妊娠の噂はこうして始まった

「ごめんね、愛しい人。何年もこの機会を待っていたから、自分のことばかり考えてしまった。大丈夫、あなたが元気になったらまたしましょう」

トリスタンは優しく彼女の額にキスをして、抱きしめた。

「大丈夫よ」ベラは彼の言葉を聞いて申し訳なく感じた。ジェフリーが言っていたことを急に思い出した。トリスタンは彼女が戻ってくるまで他の女性を探す気が全くなかったこと、そして周りの人々は、彼がこのまま女性を避け続けるなら修道士になってしまうのではないかと思っていたことを。

トリスタンは彼女の言葉を聞いて溜息をついた。彼女の体調が弱っていることを忘れていた自分を責め続けていた。なんて愚かなんだ。

トリスタンの表情が暗くなるのを見て、ベラは急いで彼の気分を明るくしようと続けた。

「旦那様、足は痛くて疲れているけど、私も楽しかったわ」ベラは言った。彼の笑顔が咲くのを見て安心した。

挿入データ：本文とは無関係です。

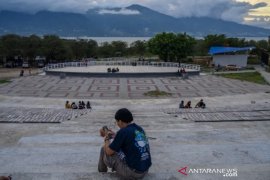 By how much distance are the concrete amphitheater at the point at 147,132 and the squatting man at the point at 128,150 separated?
0.28 m

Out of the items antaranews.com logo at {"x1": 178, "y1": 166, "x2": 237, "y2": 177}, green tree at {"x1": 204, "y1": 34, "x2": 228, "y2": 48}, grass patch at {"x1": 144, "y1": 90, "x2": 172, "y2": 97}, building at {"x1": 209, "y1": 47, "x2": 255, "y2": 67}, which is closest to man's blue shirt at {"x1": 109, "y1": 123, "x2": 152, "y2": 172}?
antaranews.com logo at {"x1": 178, "y1": 166, "x2": 237, "y2": 177}

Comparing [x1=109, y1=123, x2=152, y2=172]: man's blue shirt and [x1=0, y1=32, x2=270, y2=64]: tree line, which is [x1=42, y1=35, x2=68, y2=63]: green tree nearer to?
[x1=0, y1=32, x2=270, y2=64]: tree line

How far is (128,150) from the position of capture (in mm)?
5938

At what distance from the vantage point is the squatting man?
5.91m

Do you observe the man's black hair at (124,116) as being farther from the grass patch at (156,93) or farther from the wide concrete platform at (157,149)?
the grass patch at (156,93)

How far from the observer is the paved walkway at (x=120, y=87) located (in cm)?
3112

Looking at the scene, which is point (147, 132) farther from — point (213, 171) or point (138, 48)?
point (138, 48)

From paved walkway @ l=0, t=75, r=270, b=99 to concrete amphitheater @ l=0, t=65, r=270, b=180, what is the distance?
0.10 metres

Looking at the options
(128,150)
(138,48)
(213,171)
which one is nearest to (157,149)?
(213,171)

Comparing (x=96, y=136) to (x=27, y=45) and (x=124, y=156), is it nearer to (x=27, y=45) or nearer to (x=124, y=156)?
(x=124, y=156)

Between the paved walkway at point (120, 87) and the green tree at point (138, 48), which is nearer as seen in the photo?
the paved walkway at point (120, 87)

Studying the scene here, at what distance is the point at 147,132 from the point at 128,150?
7.55 metres

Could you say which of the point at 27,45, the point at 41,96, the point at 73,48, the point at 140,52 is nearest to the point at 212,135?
the point at 41,96

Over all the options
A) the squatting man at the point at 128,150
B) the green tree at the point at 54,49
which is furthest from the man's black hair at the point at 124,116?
the green tree at the point at 54,49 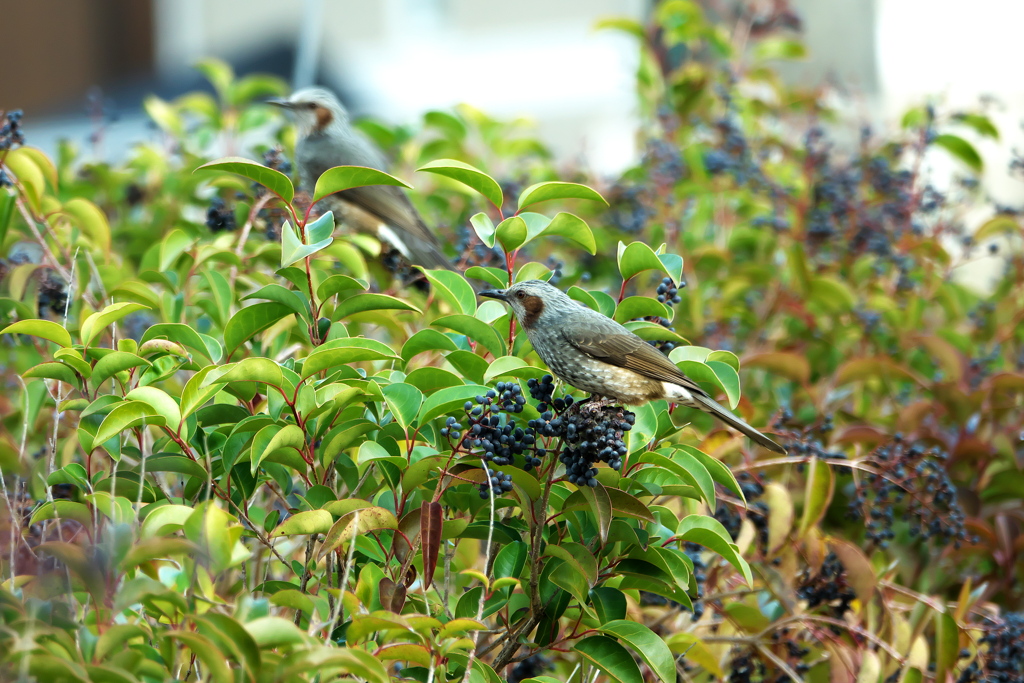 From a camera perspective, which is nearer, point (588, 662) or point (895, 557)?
point (588, 662)

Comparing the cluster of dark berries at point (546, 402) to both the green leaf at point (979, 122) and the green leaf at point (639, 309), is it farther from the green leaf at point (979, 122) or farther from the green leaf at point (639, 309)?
the green leaf at point (979, 122)

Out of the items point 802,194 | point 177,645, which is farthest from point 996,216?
point 177,645

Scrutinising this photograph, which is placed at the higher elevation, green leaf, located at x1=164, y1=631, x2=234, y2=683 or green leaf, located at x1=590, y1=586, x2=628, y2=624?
green leaf, located at x1=164, y1=631, x2=234, y2=683

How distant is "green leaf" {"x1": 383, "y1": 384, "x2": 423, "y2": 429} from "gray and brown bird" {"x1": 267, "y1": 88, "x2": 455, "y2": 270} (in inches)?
61.1

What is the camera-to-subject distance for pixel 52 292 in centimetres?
264

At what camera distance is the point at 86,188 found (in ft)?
10.6

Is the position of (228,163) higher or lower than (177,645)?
higher

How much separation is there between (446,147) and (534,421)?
232 cm

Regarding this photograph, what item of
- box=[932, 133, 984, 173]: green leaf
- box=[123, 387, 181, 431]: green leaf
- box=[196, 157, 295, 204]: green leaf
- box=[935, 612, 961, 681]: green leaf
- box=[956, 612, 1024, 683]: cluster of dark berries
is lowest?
box=[956, 612, 1024, 683]: cluster of dark berries

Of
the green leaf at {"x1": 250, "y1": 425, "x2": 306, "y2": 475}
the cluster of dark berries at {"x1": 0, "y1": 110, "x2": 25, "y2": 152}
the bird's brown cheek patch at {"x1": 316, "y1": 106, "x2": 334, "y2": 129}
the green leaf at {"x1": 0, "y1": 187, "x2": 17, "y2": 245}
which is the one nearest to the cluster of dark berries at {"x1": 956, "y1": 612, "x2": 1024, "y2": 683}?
the green leaf at {"x1": 250, "y1": 425, "x2": 306, "y2": 475}

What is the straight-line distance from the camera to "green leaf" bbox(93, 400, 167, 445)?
171 centimetres

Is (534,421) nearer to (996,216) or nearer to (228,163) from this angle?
(228,163)

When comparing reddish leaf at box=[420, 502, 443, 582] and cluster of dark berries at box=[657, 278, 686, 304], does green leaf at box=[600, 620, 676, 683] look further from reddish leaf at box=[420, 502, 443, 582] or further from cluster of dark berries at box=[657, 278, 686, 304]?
cluster of dark berries at box=[657, 278, 686, 304]

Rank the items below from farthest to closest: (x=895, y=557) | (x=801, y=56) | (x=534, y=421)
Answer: (x=801, y=56)
(x=895, y=557)
(x=534, y=421)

妻が愛し合うことを楽しんでいたと聞いて、トリスタンの目は輝いた。しかし、その幸せは冷静な判断力を裏切るようで、彼の手は彼女の腹部に触れ始め、ゆっくりと彼の手のひらにぴったりと収まる、それほど大きくない胸へと這い上がっていった。

「ト、トリスタン、んん...」ベラは彼の温かい手が胸を揉みしだくのを感じて喘いだ。彼の親指が硬くなった乳首を弄ぶと、彼女の体は弓なりに反った。「な、何してるの、トリスタン!?もう求めないって言ったじゃない!?」彼女は彼を止めようとした。

「妻よ、もう一度しよう―」

もう!

『シンクレアさん、あなたって本当に恥知らずね』彼女は心の中で不満を吐き出した。

ベラが彼を叱りつけようとする前に、突然ドアから柔らかいノックの音が聞こえ、トリスタンの手を止めさせた。

二人ともドアの方を好奇心に満ちた目で見つめた。

その後、ベラはトリスタンに視線を移した。

「ダックスかしら?」彼女は囁いた。心配そうな声には恐れが隠せていなかった。二人はまだ裸で、服は床に散らばったままだった。今の状態を息子に見られたら何と思うだろう?

「誰だ!?」トリスタンは冷静に尋ねたが、その声色には今邪魔されたくないという意思が明確に表れていた。